Abstract: Older drivers face unique challenges that can contribute to age-related accidents, prompting our research into developing sociodemographic profiles to enhance in-vehicle support systems. Building comprehensive naturalistic driving databases is both time-intensive and costly, which led us to explore an innovative approach: mapping driving profiles across different databases that share similar sociodemographic features but represent distinct populations. By bridging the Strategic Highway Research Program (SHRP2) naturalistic driving database with the Survey of Health, Aging, and Retirement in Europe (SHARE), we identify personal characteristics that allow us to examine how the choice to continue driving becomes a deeply contextual decision, shaped by one's cultural and geographic environment.

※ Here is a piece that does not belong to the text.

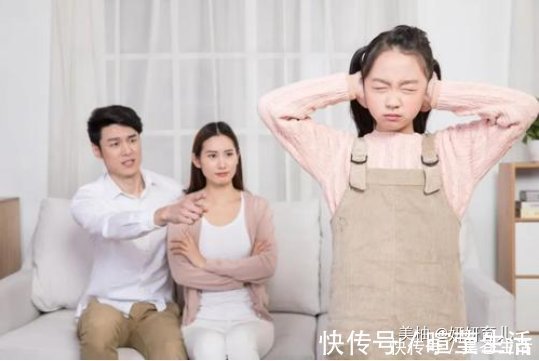 孩子|经常顶嘴与不顶嘴的孩子,长大后性格差异明显,父母别不当回事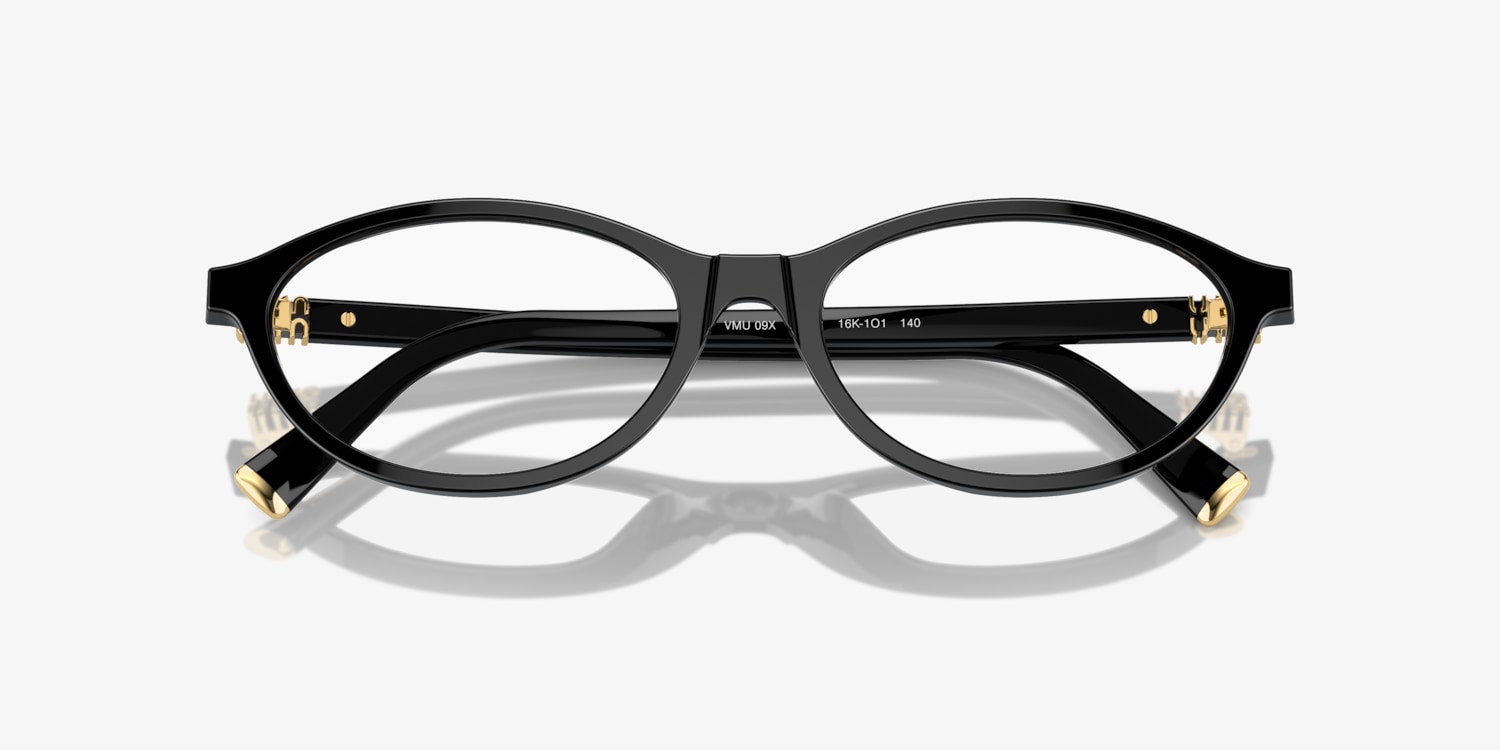 Miu Miu MU 09XV Eyeglasses | LensCrafters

Measuring Pedestrian Exposure Using Electronic Devices

Funded by: National Highway Traffic Safety Administration (NHTSA)

Abstract: Crashes involving pedestrians continue to be a serious problem in the United States and represent 15% of all traffic collisions. Pedestrians are among the most vulnerable road users. In 2020, pedestrians accounted for 6,516 fatalities and an estimated 54,769 injuries in motor vehicle crashes. Over the last decade, the U.S. has seen a 46% increase in pedestrian fatalities, now representing 17% of all motor vehicle related crash fatalities (NHTSA, 2022). In response to the increased number of fatalities and the increased emphasis on vulnerable road modes (walking, cycling) as healthy transportation options, many localities are looking for ways to make walking safer. One of the challenges to developing and implementing effective pedestrian safety countermeasures is establishing a consistent and reliable estimate of the number of pedestrians at risk in a given spatiotemporal slice. This project operationalizes a pedestrian exposure measure from personal electronic device data (GSP, accelerometer) collected at a weeks time from over 700 participants throughout a 4-year period.